## ABOUT THIS EXERCISE
Take nothing but the lines from the one with "EF-S18-55mm F3.5-5.6 IS" through the one with "thumbnail image 4" in the entries below, both ends kept, and return them exactly with pictures left out.

═══ DATA TO USE ═══

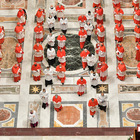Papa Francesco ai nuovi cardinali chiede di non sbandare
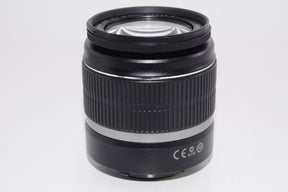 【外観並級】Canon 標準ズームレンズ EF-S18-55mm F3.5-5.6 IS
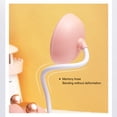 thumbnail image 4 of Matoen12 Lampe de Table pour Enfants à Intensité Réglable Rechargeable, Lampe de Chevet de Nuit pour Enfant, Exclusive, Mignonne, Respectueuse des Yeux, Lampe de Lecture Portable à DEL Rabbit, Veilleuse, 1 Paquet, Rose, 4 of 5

═══
═══ DATA TO USE ═══

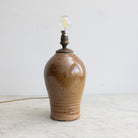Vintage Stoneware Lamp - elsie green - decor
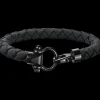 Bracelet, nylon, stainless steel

═══

## WRITTEN RESPONSE
 【外観並級】Canon 標準ズームレンズ EF-S18-55mm F3.5-5.6 IS
 thumbnail image 4 of Matoen12 Lampe de Table pour Enfants à Intensité Réglable Rechargeable, Lampe de Chevet de Nuit pour Enfant, Exclusive, Mignonne, Respectueuse des Yeux, Lampe de Lecture Portable à DEL Rabbit, Veilleuse, 1 Paquet, Rose, 4 of 5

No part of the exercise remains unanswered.